Pero no todas las historias con gitano acaban bien ni parecen aptas para una teleserie de TV3. El extraordinario reportaje de Andy Robinson que La Vanguardia publicó el pasado domingo permite entender la enorme suerte que mi vecino Àngel y yo hemos tenido al no haber nacido ni haber vivido en Batar, una aldea de la Transilvania rumana que ilustra una historia europea de fracaso, discriminación, exclusión, abandono y limpiezas étnicas. Los gitanos de Batar son tan europeos y tan gitanos como los de mi ciudad, pero les separan muchas más cosas de las que les unen. Estábamos ocupados vigilando la llegada de pateras en el estrecho cuando, zas, hemos descubierto goteras de gran calibre en el edificio europeo. La Europa que no queríamos ver ha aparecido en toda su incómoda complejidad y, además, está muy cerca de casa. Está en Rumanía, país miembro de la Unión Europea desde el año 2007. Hagamos memoria: el pasado mes de julio, la Comisión Europea suspendió a las autoridades de Bucarest por su "compromiso insuficiente" a la hora de hacer cumplir los estándares comunitarios y subrayó que la justicia rumana sigue siendo ineficaz a la vez que se niega a colaborar y asumir responsabilidades. Nada ocurre por casualidad.

Preguntado por Jordi Barbeta sobre el problema de los gitanos rumanos en Francia, el ministro de Trabajo e Inmigración del Gobierno central, Celestino Corbacho, declaró que él trataría de "impedir que se instalen campamentos ilegales" y añadió que "son un foco de conflicto que afecta a la convivencia y a la salud". Palabras sensatas que no rehúyen el debate y que contienen una gran virtud y un gran defecto. La virtud es que evitan escrupulosamente el estigmatizar al conjunto de personas de un grupo, que es, en cambio, lo que convierte las medidas de Sarkozy en totalmente inaceptables para quien se haya tomado la molestia de pensar un minuto en los principios fundacionales de este espacio único de libertad y bienestar que simboliza la bandera azul con estrellas amarillas. El defecto es dejar entrever que puede ser fácil bloquear la llegada a España de una eventual oleada de ciudadanos europeos gitanos que piensen en acampar, como han hecho en Francia, junto a nuestras localidades. Corbacho da en el clavo cuando apunta que "las soluciones parciales ya no sirven". La verdad es que lo que ocurre en Francia no tiene nada que ver con la inmigración, como es evidente. Es un problema de convivencia europeo a gran escala, un desafío continental que, hasta la fecha, se contenía o se diluía dentro de las fronteras estatales clásicas.

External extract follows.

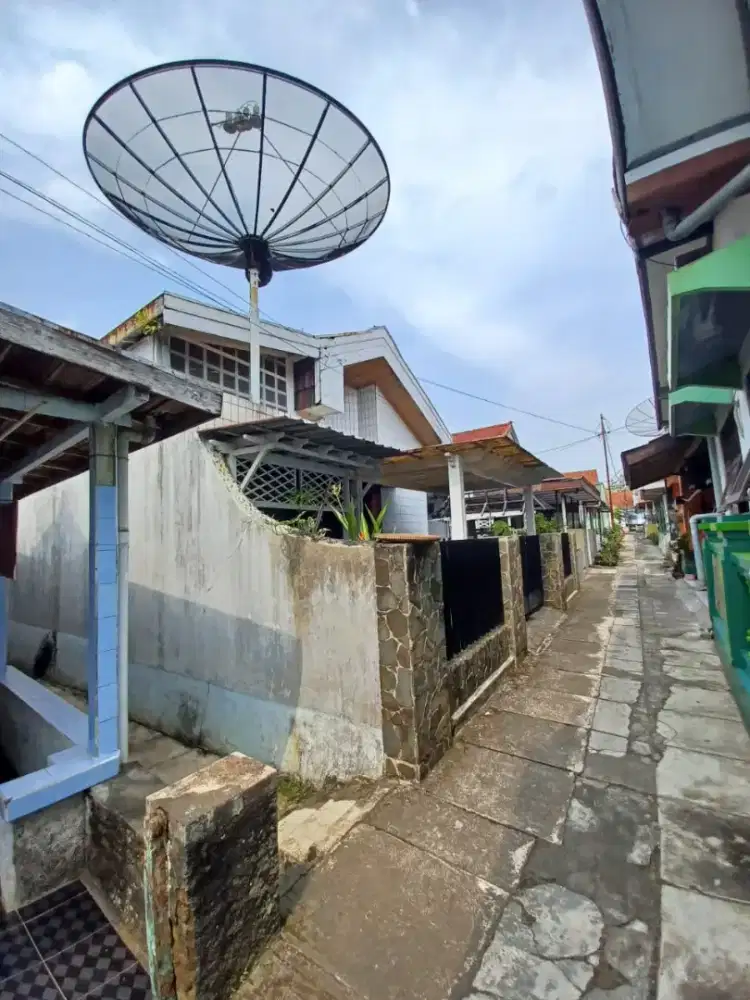 Rumah tengah kota Purworejo dekat alun2 Purworejo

Las leyes democráticas obligan a los individuos como tales y no en tanto que miembros de un determinado colectivo o minoría. Las restricciones aplicadas a gitanos, musulmanes, judíos, negros, colombianos, vascos, catalanes o lo que ustedes quieran no caben en nuestro marco de vida en común. Esta es la irresponsabilidad de la receta de Sarkozy ante un problema que, debemos decirlo en voz alta, compete en primer lugar al Gobierno rumano y, luego, a toda la Unión Europea. Poco importa si a esto se le llama racismo o no, porque al final acaba dando alas a las minorías xenófobas. La tarea de los gobernantes no es fácil, pero no sirve de nada expulsar a los europeos de una parte de Europa. Mañana regresarán.

En mi ciudad todavía hay una calle conocida popularmente como el carrer dels gitanos. Una calle que siempre ha sido menos exótica de lo que su nombre sugiere. Una calle que anunciaba la diferencia cercana y misteriosa a la vez. Una calle de Europa, ni más ni menos.